As we reach the end of the grace period for ELD compliance, the FMCSA has admitted that there are ongoing problems with the technology that they are requiring motor carriers to have. Most notably, drivers are facing issues with getting devices to track time and data accurately. In the most extreme cases, ELDs are reporting that truckers are hundreds of miles from their actual locations. Because the sole purpose of the device is to accurately track time and location, these malfunctions are worrisome. Malfunctioning ELDs pose a couple of problems:
- If truckers are over their hours because the device is incorrect, they could face fines from the FMCSA
- If they are under their hours, they could face repercussions from their employers
- If the device incorrectly reports that a truck is in a state for which the driver does not have a permit, they could face penalty for that as well
These violations could potentially endanger the livelihoods and licenses of truckers all over the country.

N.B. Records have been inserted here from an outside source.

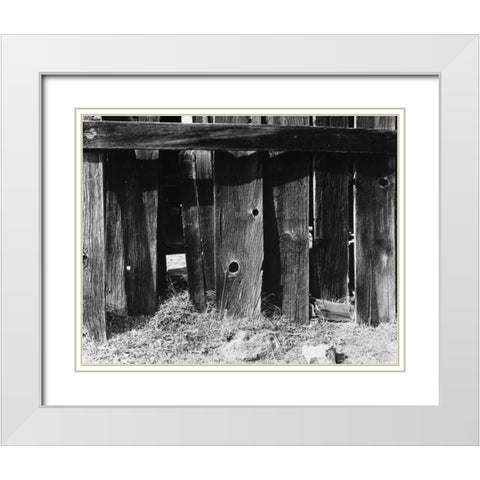 Bodi Fence White Modern Wood Framed Art Print with Double Matting by Koetsier, Albert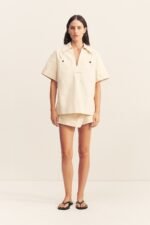 SIERRA PULLOVER TOP - CREAM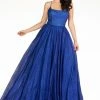 Ballgown Dresses Abby Paris 90118 Long Glitter Ballgown Prom Dress A Line Corset Gown Plus Size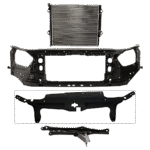 Replacement 4-Piece Kit Radiator, 8 Cyl 4.7L, includes (2) Radiator Support, (1) Radiator and (1) Radiator Support Cover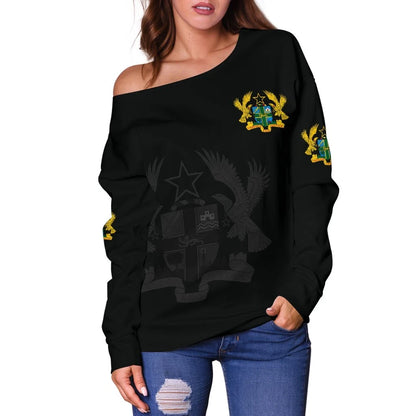 Ghana Women's Off Shoulder Sweater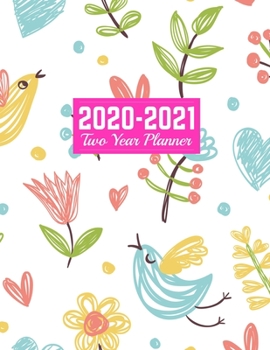 Paperback 2020-2021 Two Year Planner: Nifty Calendar Year Vision Planner (January 2020 - December 2021) - Monthly and Weekly Schedule Organizer and Journal Book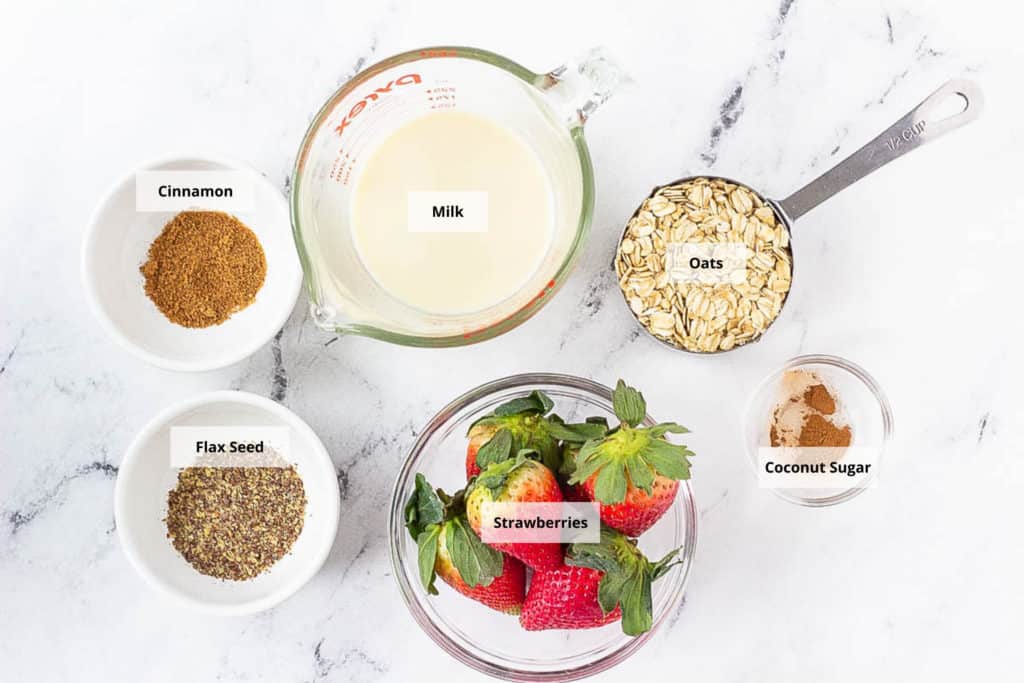 strawberry oatmeal ingredients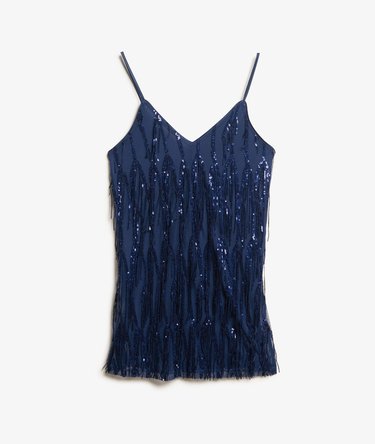 Fringe V Neck Cami Mini Dress Image 7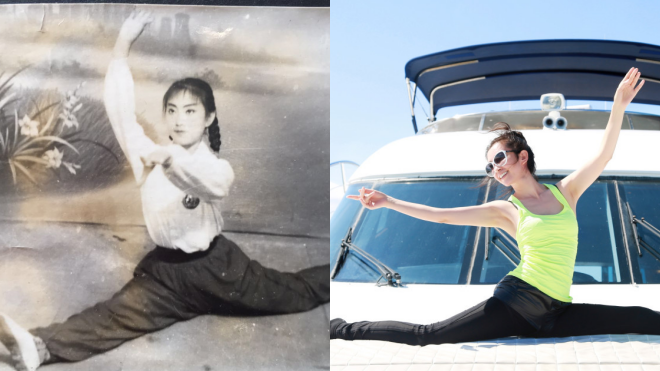 Lý Băng Băng khoe tài mẹ xoạc đẳng cấp hơn con gái Ảnh 2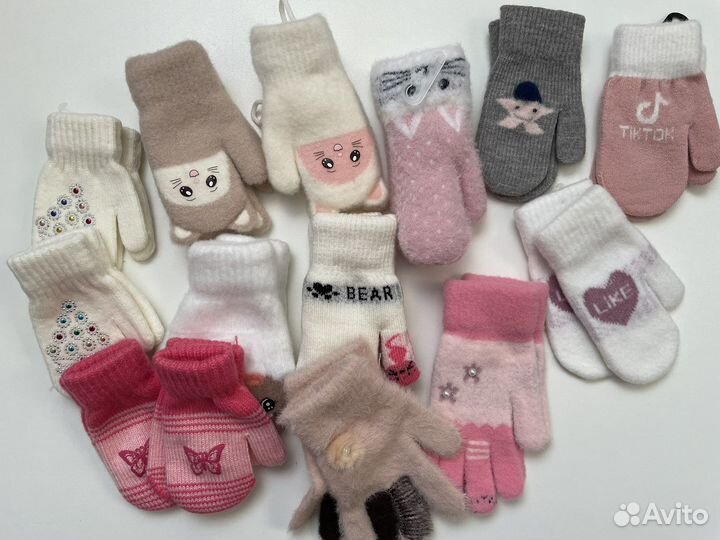 Варежки детские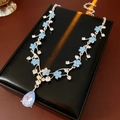 Halskette - Silber - Blau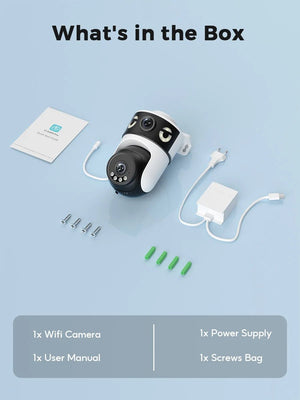 O - KAM 10MP Dual Lens PTZ WiFi Camera - AI Humanoid Detection and Auto Tracking - stepyours.com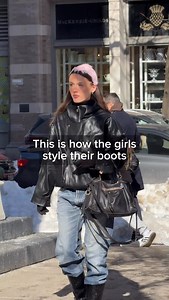 If you haven’t started tucking pants into boots yet, our global trend spotting suggests that you should #ootd #nyc #paris #copenhagen #fashion | OOTD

While the FMCSA has acknowledged that there are problems with the devices, action has not yet been taken to solve the issue. Most of the people that have complained have been told to switch ELD companies.
Part of the problem is that the federal agency allowed companies to self-certify that their devices worked. This practice is pretty standard for the FMCSA, but this influx of problems is unprecedented. To help offset all the problems, the FMCSA has been issuing waivers to truckers that have experienced issues, but most of them are about to expire and they have yet to issue more.
Outside of the FMCSA, independent companies that produce ELDs have increased the amount of customer service employees to handle the influx of calls they are getting in regard to misfunctioning devices. Should these issues not be resolved soon, owners and operators could face weekly fines up to 15,000 dollars. This could put many of them out of business.